PARIS (MNI) – Losses should be shared by both junior and senior
bondholders when failing banks are put into resolution, Ireland’s
central bank governor Patrick Honohan said Friday.
In a speech in Dublin, Honohan said the refusal of Ireland’s
international lenders to allow losses to be imposed on senior
bondholders, together with the bank guarantees issued by the government
in 2008, were key factors in tipping Ireland into its 2010 bailout.
“The extensive socialisation of losses – initially through the
September 2008 guarantee and subsequently when the Troika refused to
countenance burden sharing with the unguaranteed senior bondholders –
has been rightly subject to extensive criticism,” Honohan said.

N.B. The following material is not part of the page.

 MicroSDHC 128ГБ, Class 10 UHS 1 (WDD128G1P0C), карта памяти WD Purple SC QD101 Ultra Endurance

In future banking crises, “prompt, transparent over-capitalisation”
should remain the preferred option for dealing with failing banks that
it is deemed necessary to save, Honohan said.
“Losses should be shared by both junior and senior creditors where
necessary in cases where the banks are put into resolution,” he said.
Since 2009, Ireland has spent E65 billion rescuing its banking
system after a collapse in property prices. The Irish government was
forced to pay off senior holders of Irish bank debt after the European
Central Bank refused to allow losses to be imposed on them because of
fears of contagion to other European banks.